-- The task --
Your output must be the lines below from the line containing "昆明雲潮loft公寓（珥季路地鐵站店） 世紀城地區住宿飯店" to the line containing "14240 Green View", both lines included, reproduced exactly and without pictures.

-- Information given --
════════

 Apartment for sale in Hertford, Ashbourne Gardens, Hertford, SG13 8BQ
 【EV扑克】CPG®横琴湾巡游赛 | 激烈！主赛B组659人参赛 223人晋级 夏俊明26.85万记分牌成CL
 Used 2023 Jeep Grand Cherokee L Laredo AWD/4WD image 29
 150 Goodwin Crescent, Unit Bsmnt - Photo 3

════════

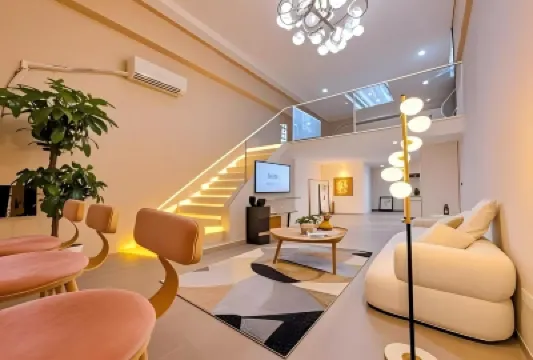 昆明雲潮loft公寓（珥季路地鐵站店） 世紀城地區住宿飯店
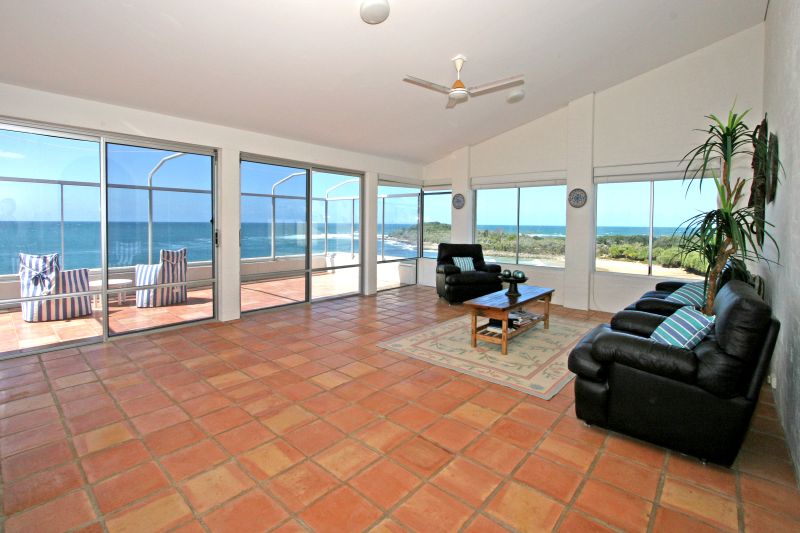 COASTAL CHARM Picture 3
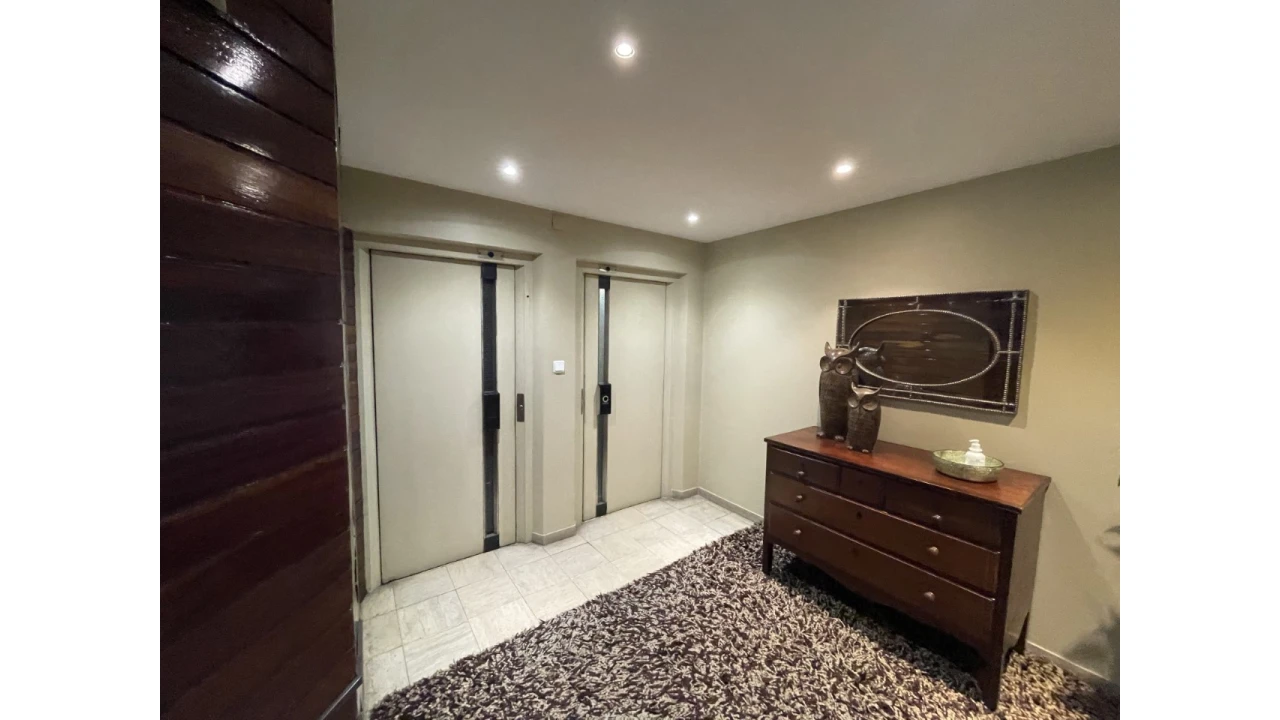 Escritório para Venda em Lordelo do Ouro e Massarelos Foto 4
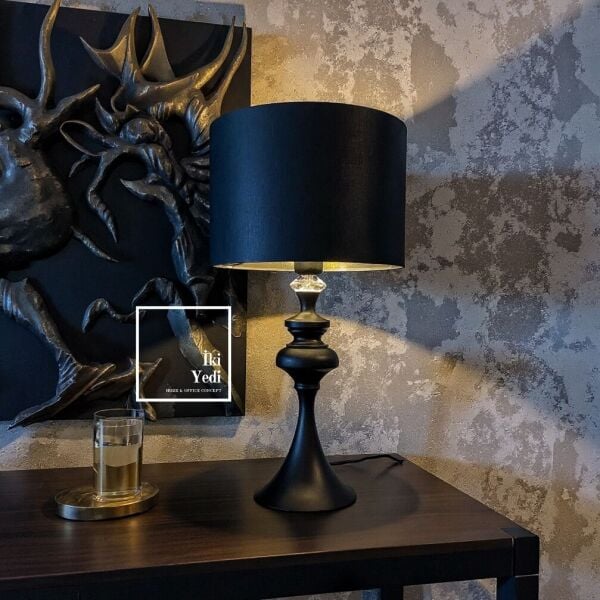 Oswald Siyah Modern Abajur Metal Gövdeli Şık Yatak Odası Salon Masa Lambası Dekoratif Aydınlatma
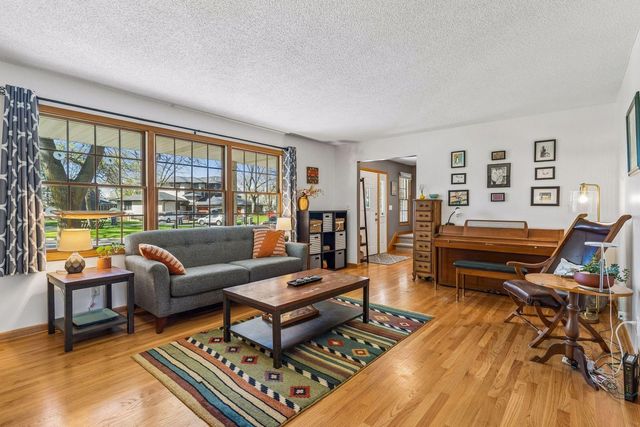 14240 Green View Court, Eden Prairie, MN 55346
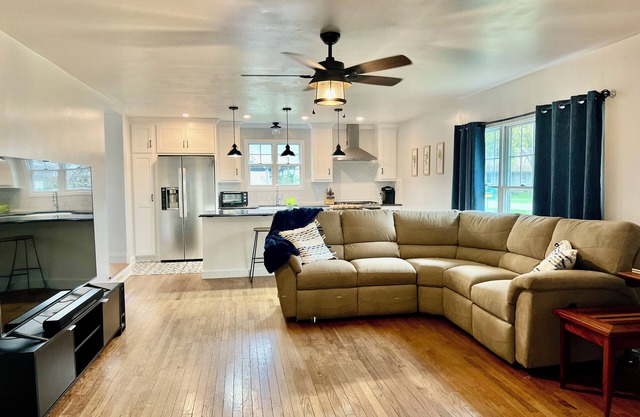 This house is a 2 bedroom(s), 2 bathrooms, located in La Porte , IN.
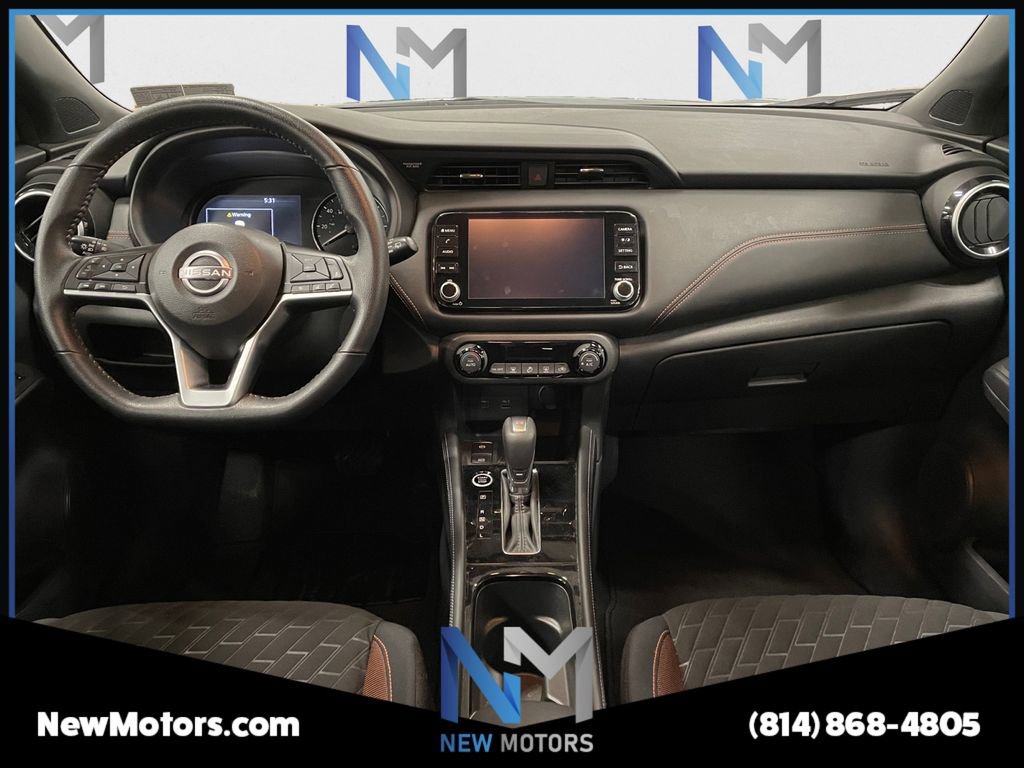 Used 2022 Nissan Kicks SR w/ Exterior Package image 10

════════

-- Result of this task --
 昆明雲潮loft公寓（珥季路地鐵站店） 世紀城地區住宿飯店
 COASTAL CHARM Picture 3
 Escritório para Venda em Lordelo do Ouro e Massarelos Foto 4
 Oswald Siyah Modern Abajur Metal Gövdeli Şık Yatak Odası Salon Masa Lambası Dekoratif Aydınlatma
 14240 Green View Court, Eden Prairie, MN 55346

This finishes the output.